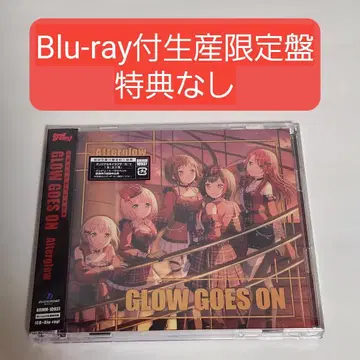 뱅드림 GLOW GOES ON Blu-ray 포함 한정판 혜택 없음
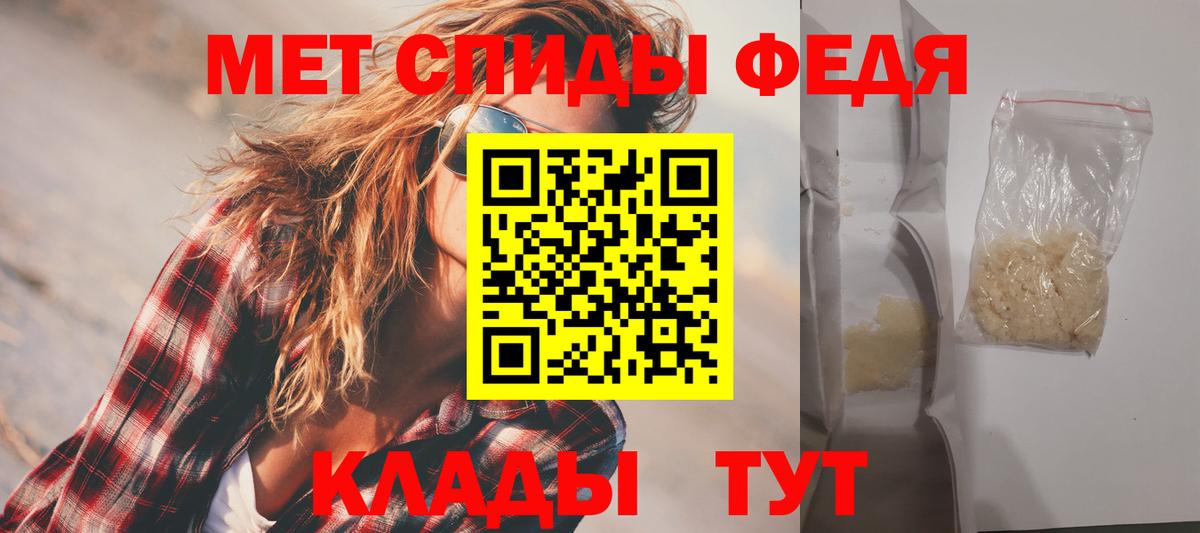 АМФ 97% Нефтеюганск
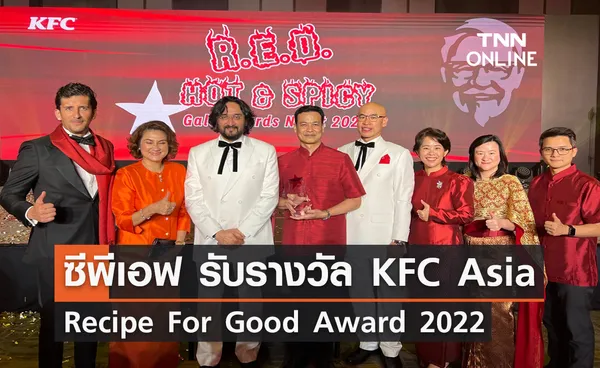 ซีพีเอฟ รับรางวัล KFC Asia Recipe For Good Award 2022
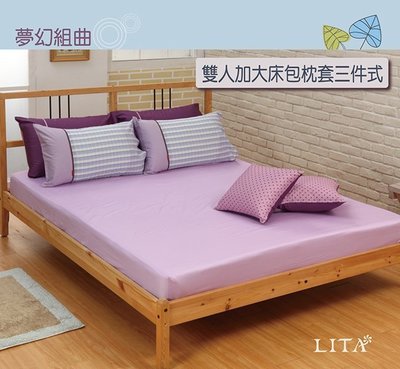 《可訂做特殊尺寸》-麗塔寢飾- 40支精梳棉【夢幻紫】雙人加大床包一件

...

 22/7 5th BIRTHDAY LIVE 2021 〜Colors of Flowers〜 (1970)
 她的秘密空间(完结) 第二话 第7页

• _TASK ITEM_:
Print the lines above from the one with "22/7 5th BIRTHDAY" through the one with "她的秘密空间(完结) 第二话 第7页", both included, exactly as written and nothing more.

• _ANSWER SPACE_:
 22/7 5th BIRTHDAY LIVE 2021 〜Colors of Flowers〜 (1970)
 她的秘密空间(完结) 第二话 第7页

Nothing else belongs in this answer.